We all have a pretty good idea of why the Soviet Union collapsed: it’s because its state-run planned economy wasn’t as efficient as its rivals in the free-market West. The lesson we’ve learned from this is that capitalism won the political argument. But it’s a false lesson, because capitalism didn’t. The problems that made the Soviet Union such a failure are now endemic in the West. To give one tiny example, in my Sunday paper last weekend was a story about how the Culture Secretary, Jeremy Hunt, is launching ‘a drive to encourage Britons to holiday in their own country… with discounts worth a fifth on breaks booked during the Olympic year’.
Who is paying for this scheme? You are, of course. The government has no money of its own. It finances its expenditure in one of three main ways: through taxation; through borrowing; through money-printing. So whether through confiscation from the present generation (tax) or future generations (borrowing, money printing), the government has decided on your and your children’s behalf that rather than allowing you to keep your money to spend on trivia like food, healthcare, education etc it would be better deployed on a whizzo scheme to discourage British people from taking their holidays abroad.
Put like that it sounds stupid, doesn’t it? But that’s how we ought to put it, every time.
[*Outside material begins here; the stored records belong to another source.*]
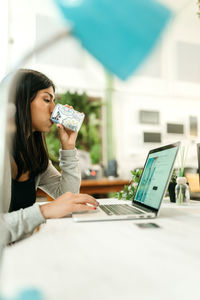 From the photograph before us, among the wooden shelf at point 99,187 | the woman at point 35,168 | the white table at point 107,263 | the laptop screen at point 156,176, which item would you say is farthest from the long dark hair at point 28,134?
the wooden shelf at point 99,187

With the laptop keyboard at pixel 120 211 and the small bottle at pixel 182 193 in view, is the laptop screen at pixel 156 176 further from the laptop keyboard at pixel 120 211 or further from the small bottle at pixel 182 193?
the small bottle at pixel 182 193

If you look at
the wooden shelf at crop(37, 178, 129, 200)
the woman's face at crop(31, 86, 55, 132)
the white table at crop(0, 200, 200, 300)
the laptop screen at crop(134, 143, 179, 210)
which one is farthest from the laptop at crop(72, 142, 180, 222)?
the wooden shelf at crop(37, 178, 129, 200)

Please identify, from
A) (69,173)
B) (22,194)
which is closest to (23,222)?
(22,194)

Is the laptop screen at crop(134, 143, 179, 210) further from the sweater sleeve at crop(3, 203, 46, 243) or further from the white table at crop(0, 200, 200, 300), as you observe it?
the sweater sleeve at crop(3, 203, 46, 243)

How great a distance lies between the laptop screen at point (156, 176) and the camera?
0.80 metres

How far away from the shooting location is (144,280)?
0.36m

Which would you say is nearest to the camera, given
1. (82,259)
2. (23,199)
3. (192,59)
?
(192,59)

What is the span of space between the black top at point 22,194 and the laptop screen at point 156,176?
453 mm

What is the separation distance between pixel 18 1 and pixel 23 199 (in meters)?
0.90

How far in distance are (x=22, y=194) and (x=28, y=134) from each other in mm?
298

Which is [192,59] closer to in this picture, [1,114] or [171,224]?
[1,114]

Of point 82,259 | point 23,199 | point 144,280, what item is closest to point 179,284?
point 144,280

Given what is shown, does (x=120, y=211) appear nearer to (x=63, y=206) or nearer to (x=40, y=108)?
(x=63, y=206)

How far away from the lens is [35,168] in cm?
117
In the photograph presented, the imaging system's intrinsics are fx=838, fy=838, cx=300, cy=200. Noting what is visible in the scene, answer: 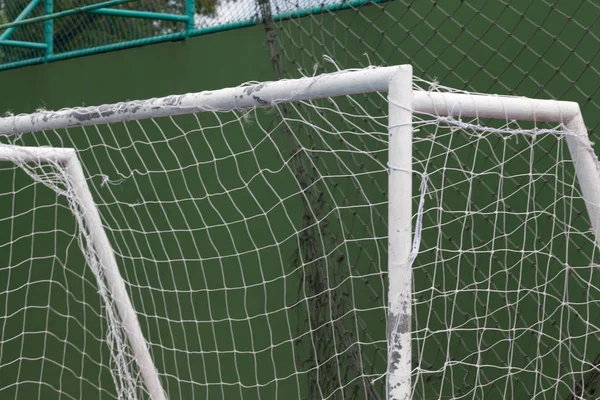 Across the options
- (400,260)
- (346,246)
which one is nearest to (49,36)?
(346,246)

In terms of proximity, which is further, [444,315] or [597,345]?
[444,315]

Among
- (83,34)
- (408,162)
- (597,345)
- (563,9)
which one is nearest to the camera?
(408,162)

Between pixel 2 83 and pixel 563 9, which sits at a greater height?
pixel 2 83

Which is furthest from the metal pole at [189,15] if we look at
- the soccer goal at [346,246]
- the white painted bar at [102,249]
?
the white painted bar at [102,249]

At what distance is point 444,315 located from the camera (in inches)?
106

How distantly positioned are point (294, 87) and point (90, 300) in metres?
2.31

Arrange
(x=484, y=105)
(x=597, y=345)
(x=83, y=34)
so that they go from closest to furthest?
(x=484, y=105) < (x=597, y=345) < (x=83, y=34)

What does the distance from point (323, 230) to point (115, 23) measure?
2010 millimetres

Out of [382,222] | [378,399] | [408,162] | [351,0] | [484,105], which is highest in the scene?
[351,0]

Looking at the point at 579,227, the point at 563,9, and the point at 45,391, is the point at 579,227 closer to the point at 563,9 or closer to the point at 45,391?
the point at 563,9

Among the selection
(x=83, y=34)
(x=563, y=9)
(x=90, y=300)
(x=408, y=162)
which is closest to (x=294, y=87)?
(x=408, y=162)

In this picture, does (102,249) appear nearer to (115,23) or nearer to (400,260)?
(400,260)

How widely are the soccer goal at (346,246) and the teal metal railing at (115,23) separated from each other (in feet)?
1.26

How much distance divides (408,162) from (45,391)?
9.89 feet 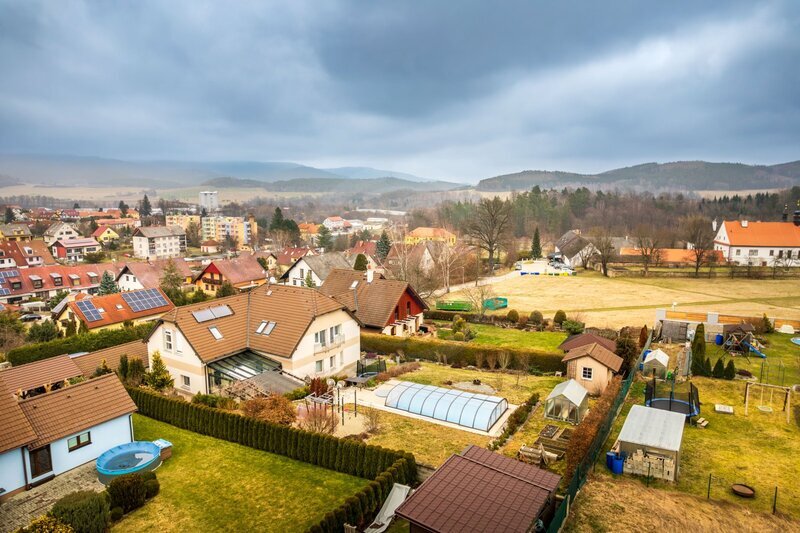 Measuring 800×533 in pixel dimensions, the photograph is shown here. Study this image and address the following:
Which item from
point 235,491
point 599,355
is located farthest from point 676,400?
point 235,491

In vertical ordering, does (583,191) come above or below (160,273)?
above

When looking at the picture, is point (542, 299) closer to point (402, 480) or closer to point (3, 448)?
point (402, 480)

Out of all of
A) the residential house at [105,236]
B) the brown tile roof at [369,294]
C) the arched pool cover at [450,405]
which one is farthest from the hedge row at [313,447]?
the residential house at [105,236]

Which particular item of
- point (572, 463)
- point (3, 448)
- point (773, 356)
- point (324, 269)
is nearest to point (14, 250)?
point (324, 269)

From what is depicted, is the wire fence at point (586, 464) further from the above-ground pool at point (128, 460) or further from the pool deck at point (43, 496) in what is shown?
the pool deck at point (43, 496)

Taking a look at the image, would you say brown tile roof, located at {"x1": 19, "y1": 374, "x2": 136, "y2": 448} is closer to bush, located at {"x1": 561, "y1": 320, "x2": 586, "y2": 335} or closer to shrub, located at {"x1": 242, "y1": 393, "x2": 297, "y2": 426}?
shrub, located at {"x1": 242, "y1": 393, "x2": 297, "y2": 426}

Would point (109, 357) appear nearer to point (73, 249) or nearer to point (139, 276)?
point (139, 276)

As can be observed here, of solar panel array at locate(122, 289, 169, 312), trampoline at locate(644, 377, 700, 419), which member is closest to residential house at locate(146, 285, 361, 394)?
trampoline at locate(644, 377, 700, 419) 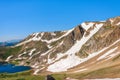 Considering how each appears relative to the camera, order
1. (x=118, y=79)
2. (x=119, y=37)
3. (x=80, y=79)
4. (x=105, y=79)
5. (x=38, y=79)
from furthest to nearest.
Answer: (x=119, y=37)
(x=38, y=79)
(x=80, y=79)
(x=105, y=79)
(x=118, y=79)

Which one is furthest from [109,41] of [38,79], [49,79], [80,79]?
[49,79]

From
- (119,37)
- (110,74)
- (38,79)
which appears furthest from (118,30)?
(110,74)

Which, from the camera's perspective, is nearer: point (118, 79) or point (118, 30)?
point (118, 79)

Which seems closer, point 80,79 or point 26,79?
point 80,79

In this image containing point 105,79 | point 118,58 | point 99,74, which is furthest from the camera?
point 118,58

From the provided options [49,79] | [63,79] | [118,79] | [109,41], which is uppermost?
[109,41]

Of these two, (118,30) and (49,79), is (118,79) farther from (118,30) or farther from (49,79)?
(118,30)

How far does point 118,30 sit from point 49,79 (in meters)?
155

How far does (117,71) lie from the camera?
300 feet

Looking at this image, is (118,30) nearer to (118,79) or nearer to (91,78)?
(91,78)

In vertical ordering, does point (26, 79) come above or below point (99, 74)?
above

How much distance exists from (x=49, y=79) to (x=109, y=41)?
154287 millimetres

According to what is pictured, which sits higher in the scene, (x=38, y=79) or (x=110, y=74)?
(x=38, y=79)

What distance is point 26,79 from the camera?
455ft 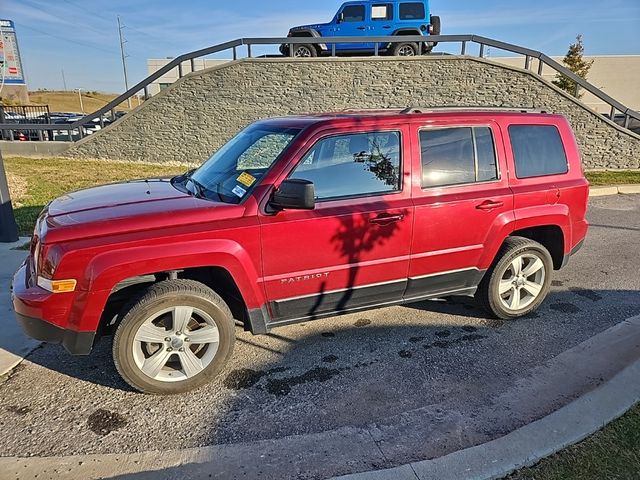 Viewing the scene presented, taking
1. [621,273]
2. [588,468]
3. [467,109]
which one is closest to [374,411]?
[588,468]

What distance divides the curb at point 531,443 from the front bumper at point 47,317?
1.89m

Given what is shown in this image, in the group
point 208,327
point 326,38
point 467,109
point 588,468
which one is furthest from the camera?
point 326,38

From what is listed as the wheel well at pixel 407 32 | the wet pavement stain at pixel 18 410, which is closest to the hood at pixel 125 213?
the wet pavement stain at pixel 18 410

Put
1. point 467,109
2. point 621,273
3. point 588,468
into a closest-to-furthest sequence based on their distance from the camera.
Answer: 1. point 588,468
2. point 467,109
3. point 621,273

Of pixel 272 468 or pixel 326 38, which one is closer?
pixel 272 468

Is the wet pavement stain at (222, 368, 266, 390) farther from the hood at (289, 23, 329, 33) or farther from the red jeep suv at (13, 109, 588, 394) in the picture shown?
the hood at (289, 23, 329, 33)

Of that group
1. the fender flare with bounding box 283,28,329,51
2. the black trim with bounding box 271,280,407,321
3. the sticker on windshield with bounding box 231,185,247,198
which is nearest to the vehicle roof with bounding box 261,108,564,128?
the sticker on windshield with bounding box 231,185,247,198

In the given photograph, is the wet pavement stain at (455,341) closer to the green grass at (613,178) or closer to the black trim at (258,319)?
the black trim at (258,319)

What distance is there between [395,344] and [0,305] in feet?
12.6

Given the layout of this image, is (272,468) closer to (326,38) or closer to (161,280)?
(161,280)

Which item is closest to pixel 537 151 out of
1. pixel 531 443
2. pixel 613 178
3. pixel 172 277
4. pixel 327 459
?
pixel 531 443

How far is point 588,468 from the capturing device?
225cm

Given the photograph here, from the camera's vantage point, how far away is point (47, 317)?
2754 millimetres

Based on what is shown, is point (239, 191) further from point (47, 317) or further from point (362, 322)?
point (362, 322) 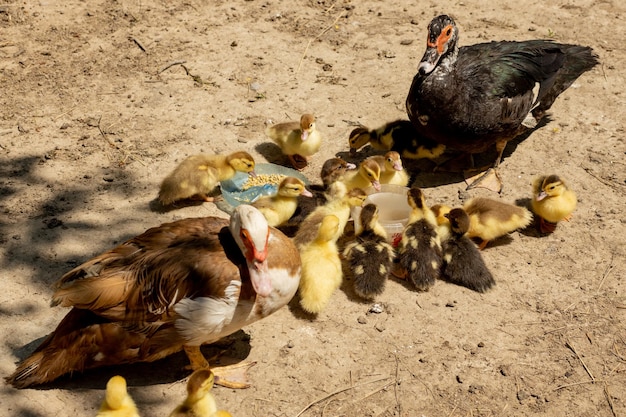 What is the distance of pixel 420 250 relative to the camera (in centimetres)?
506

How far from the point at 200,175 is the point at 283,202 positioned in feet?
2.48

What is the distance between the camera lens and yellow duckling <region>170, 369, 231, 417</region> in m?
3.61

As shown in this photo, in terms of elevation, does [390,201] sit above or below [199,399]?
below

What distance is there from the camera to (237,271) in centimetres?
406

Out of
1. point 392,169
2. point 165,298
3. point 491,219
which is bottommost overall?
point 392,169

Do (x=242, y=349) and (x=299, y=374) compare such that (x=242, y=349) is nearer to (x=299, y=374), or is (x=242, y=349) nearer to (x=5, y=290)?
(x=299, y=374)

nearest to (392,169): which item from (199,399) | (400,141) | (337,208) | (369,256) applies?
(400,141)

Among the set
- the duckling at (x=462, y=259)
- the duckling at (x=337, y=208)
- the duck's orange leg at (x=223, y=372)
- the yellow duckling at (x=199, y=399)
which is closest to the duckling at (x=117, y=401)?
the yellow duckling at (x=199, y=399)

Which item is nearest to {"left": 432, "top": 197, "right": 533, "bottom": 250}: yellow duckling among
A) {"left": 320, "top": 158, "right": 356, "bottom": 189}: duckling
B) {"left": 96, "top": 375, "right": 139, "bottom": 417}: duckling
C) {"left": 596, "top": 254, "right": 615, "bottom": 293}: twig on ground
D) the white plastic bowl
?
the white plastic bowl

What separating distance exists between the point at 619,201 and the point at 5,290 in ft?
16.5

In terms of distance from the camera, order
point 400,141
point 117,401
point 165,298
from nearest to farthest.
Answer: point 117,401 → point 165,298 → point 400,141

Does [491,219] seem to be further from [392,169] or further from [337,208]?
[337,208]

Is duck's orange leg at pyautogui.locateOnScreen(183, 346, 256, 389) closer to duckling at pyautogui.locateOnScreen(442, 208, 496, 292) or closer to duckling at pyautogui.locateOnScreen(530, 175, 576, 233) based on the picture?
duckling at pyautogui.locateOnScreen(442, 208, 496, 292)

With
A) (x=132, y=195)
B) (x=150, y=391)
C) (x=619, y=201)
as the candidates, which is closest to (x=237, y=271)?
(x=150, y=391) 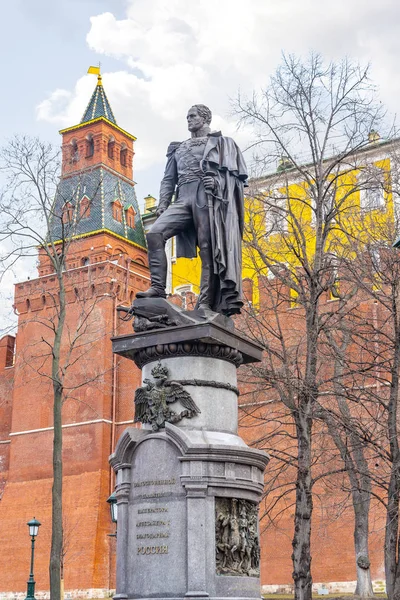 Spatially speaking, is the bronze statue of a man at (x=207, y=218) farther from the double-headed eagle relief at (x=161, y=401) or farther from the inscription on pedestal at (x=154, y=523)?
the inscription on pedestal at (x=154, y=523)

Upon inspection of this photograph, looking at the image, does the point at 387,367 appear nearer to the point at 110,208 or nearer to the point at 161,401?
the point at 161,401

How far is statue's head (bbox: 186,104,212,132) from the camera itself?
8.47 meters

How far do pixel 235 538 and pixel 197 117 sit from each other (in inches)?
159

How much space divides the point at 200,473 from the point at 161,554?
713mm

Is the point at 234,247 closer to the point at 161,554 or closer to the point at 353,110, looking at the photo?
the point at 161,554

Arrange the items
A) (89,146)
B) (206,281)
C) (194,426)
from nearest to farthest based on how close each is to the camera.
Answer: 1. (194,426)
2. (206,281)
3. (89,146)

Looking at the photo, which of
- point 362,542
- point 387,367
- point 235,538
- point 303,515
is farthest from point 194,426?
point 362,542

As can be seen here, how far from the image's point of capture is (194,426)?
23.7 ft

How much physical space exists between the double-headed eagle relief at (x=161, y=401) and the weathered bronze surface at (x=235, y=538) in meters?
0.80

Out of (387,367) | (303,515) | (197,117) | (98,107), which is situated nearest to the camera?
(197,117)

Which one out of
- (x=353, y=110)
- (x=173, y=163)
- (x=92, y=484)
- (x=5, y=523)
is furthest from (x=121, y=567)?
(x=5, y=523)

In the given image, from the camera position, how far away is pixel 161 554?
22.5ft

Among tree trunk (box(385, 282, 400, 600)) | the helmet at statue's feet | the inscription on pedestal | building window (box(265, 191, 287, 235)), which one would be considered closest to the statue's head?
the helmet at statue's feet

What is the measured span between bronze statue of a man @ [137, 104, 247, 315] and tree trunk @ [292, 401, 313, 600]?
286 inches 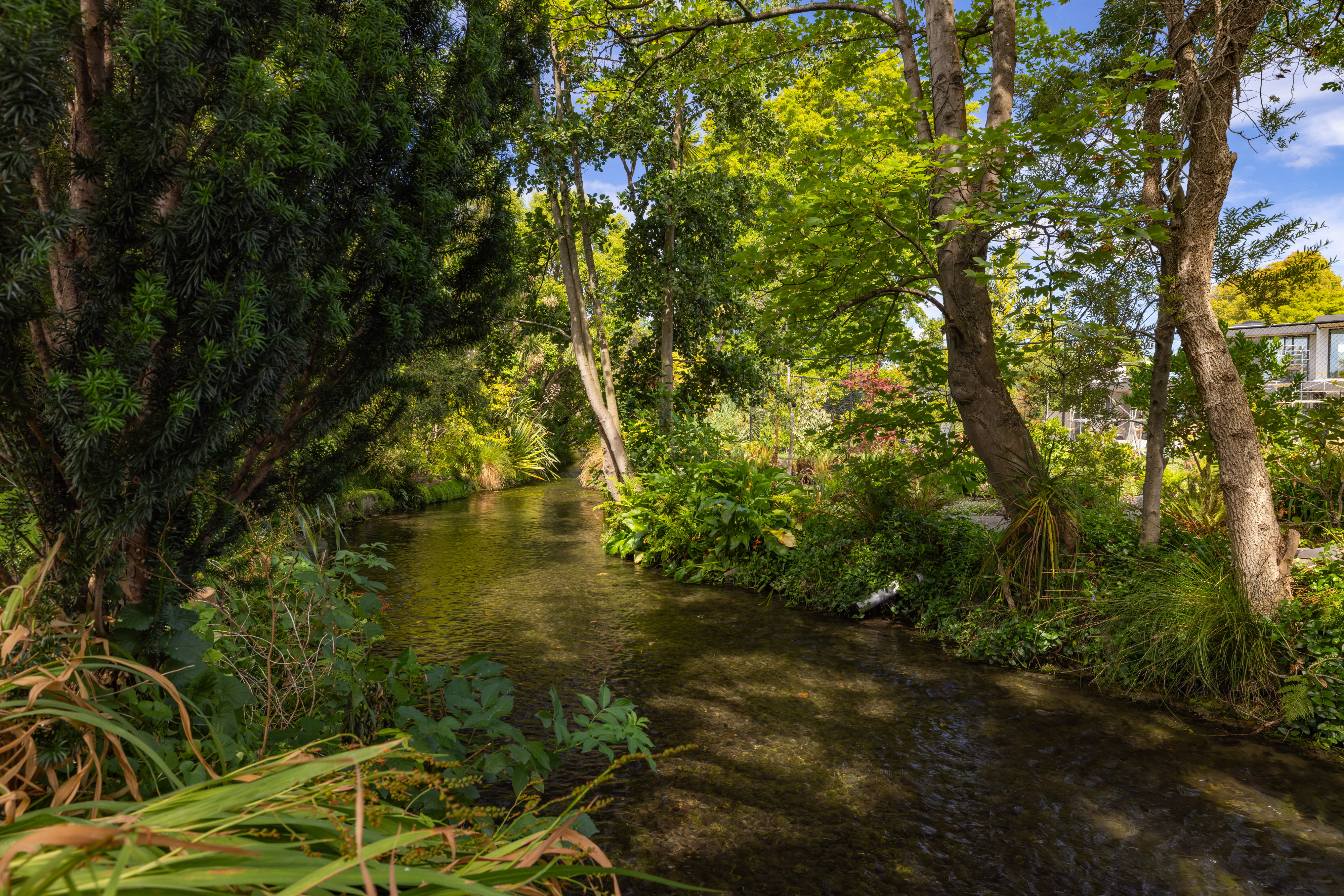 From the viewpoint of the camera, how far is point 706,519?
346 inches

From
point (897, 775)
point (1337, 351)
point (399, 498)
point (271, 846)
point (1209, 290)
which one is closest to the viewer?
point (271, 846)

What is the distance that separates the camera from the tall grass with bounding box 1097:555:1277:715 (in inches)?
169

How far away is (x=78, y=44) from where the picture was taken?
2.01m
Until we can educate ourselves that, as Frederic Bastiat put it, ‘Government is the great fiction through which everybody endeavours to live at the expense of everybody else’, we will never get out of the ginormous heap of economic and sociopolitical ordure in which we find ourselves buried up to the neck.
It is in the nature of politicians to imagine that doing something will always make things better than if they had done nothing.